> **Data records**

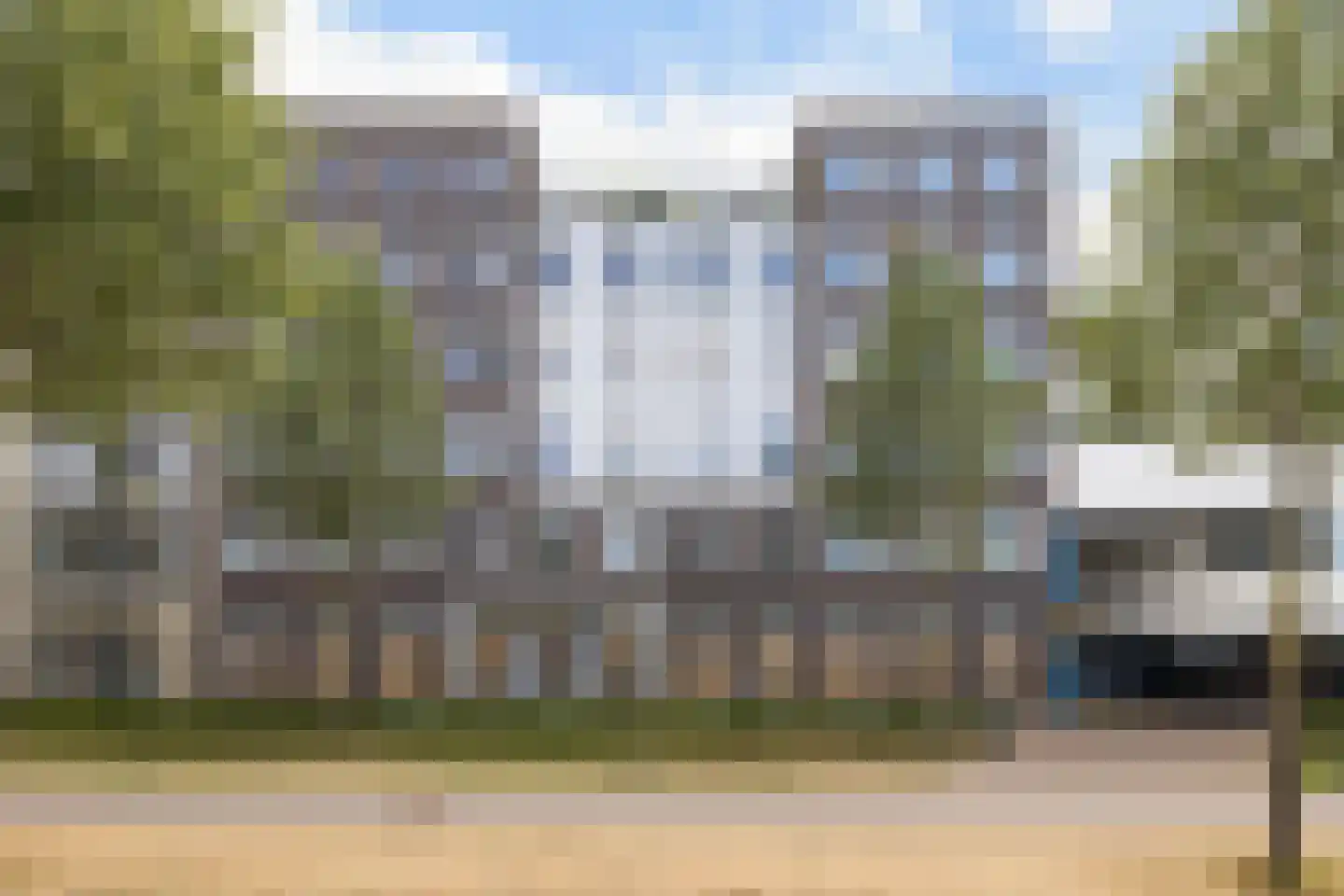 Leerparkpromenade 355 Dordrecht thumbnail 32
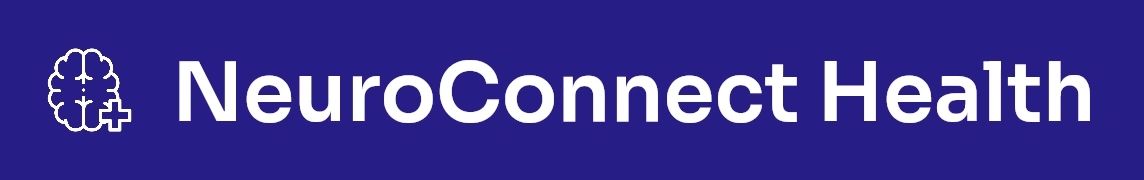 NeuroConnect Health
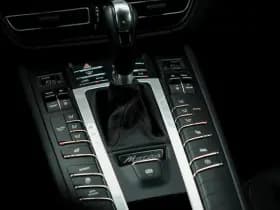 Porsche Macan 2.0 thumbnail 16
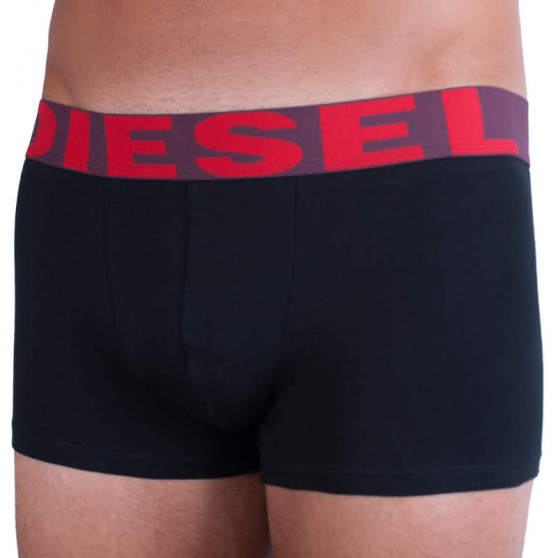 3PACK Мъжки боксерки Diesel многоцветен (00SAB2-0GAPG-12)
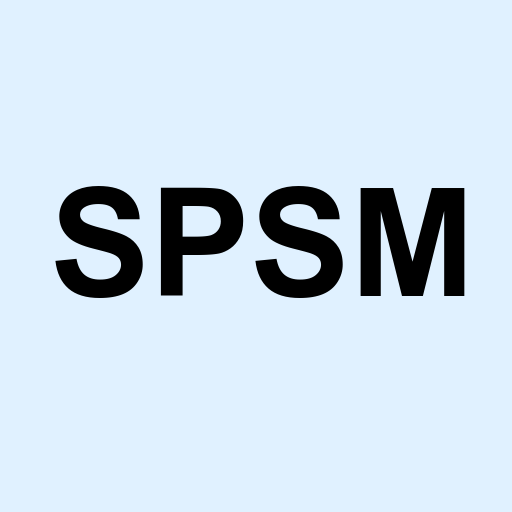 Stock spsm logo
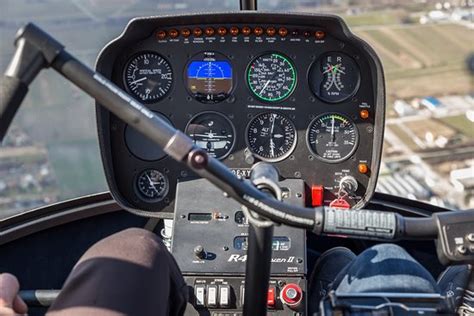 Hubi-Fly (Bad Voeslau) - All You Need to Know BEFORE You Go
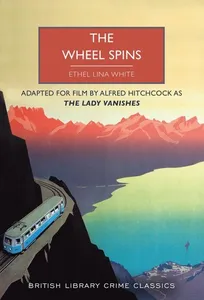 Wheel Spins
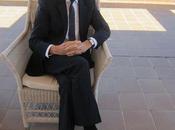 Hábitos vida saludables pueden prevenir demencias vasculares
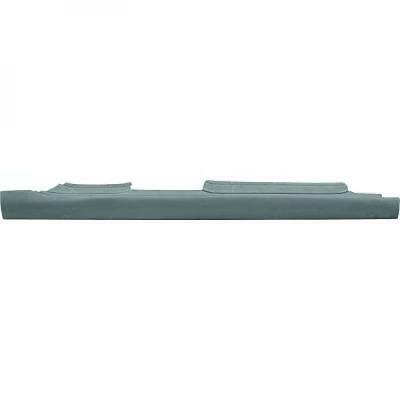 Brancardo sottoporta dx GOLF V 03-08 5pt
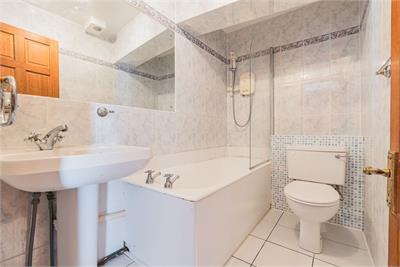 51/8 Caledonian Crescent, Edinburgh EH11 2AT - image 17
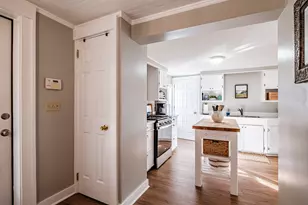 247 Main St, Lovell, ME 04051 - Photo 9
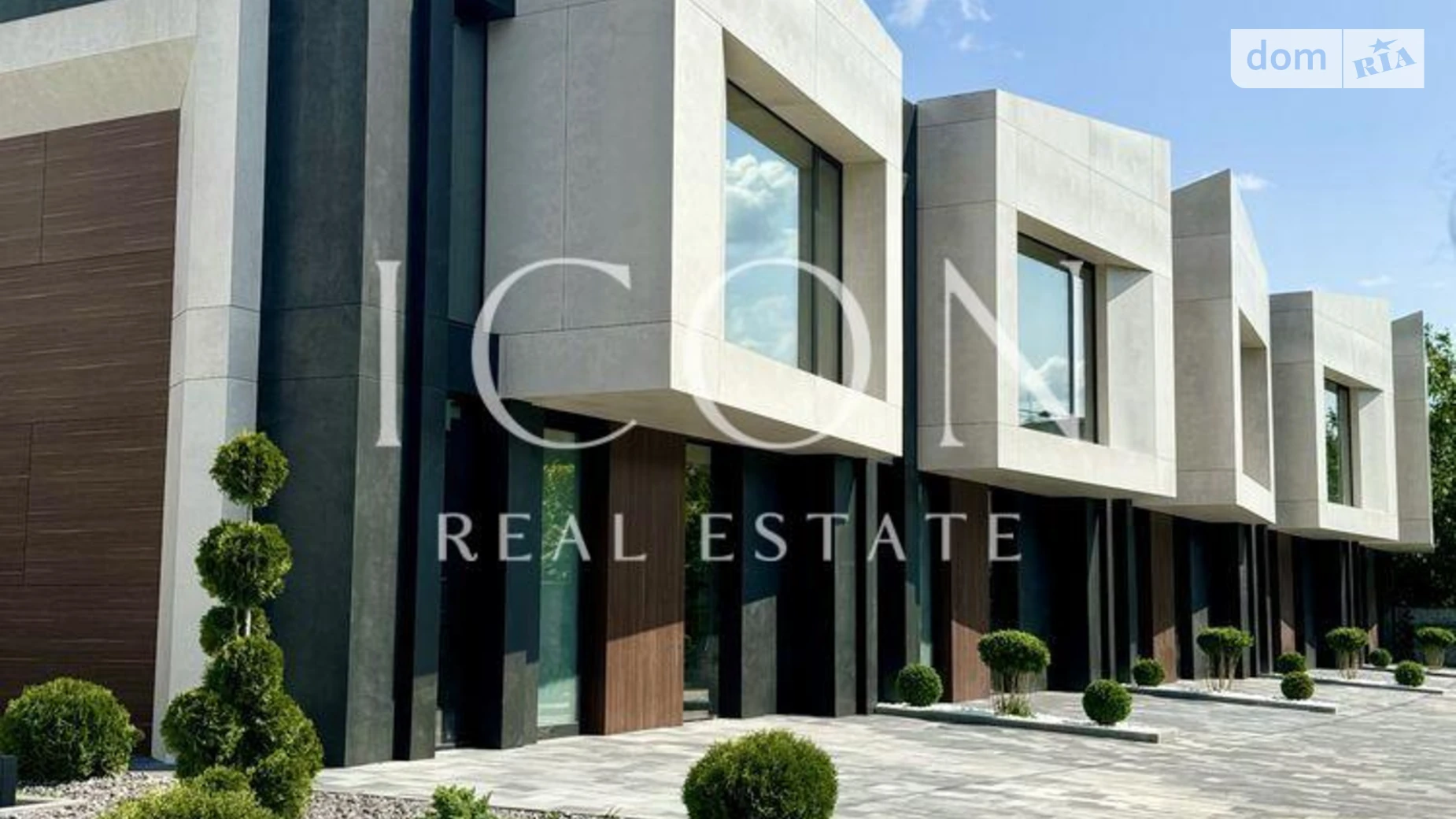 ул. Ярослава Мудрого Крюковщина, цена: 162500 $ - фото 3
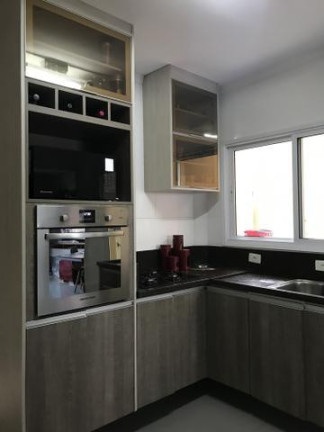 Imagem Apartamento com 2 Quartos à Venda, 75 m² em Jardim Santo André - Santo André Imagem Apartamento com 2 Quartos à Venda, 75 m² em Jardim Santo André - Santo André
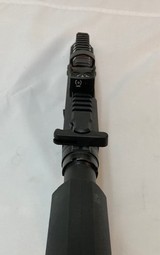 KE ARMS ke-9 pistol ar 15 - 5 of 7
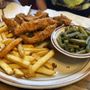 House of Pies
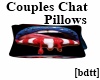 [bdtt]CouplesChatPillows
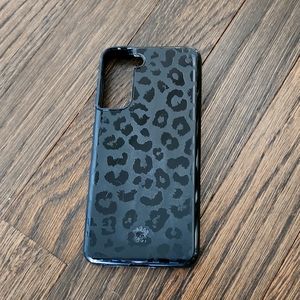 Samsung Galaxay S21 phone case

> **Your goal**
Images stay out, but the rest of the data above must be repeated exactly.

> **Response box**
 Leerparkpromenade 355 Dordrecht thumbnail 32
 NeuroConnect Health
 Porsche Macan 2.0 thumbnail 16
 3PACK Мъжки боксерки Diesel многоцветен (00SAB2-0GAPG-12)
 Stock spsm logo
 Hubi-Fly (Bad Voeslau) - All You Need to Know BEFORE You Go
 Wheel Spins
 Hábitos vida saludables pueden prevenir demencias vasculares
 Brancardo sottoporta dx GOLF V 03-08 5pt
 51/8 Caledonian Crescent, Edinburgh EH11 2AT - image 17
 247 Main St, Lovell, ME 04051 - Photo 9
 ул. Ярослава Мудрого Крюковщина, цена: 162500 $ - фото 3
 Imagem Apartamento com 2 Quartos à Venda, 75 m² em Jardim Santo André - Santo André Imagem Apartamento com 2 Quartos à Venda, 75 m² em Jardim Santo André - Santo André
 KE ARMS ke-9 pistol ar 15 - 5 of 7
 House of Pies
 [bdtt]CouplesChatPillows
 Samsung Galaxay S21 phone case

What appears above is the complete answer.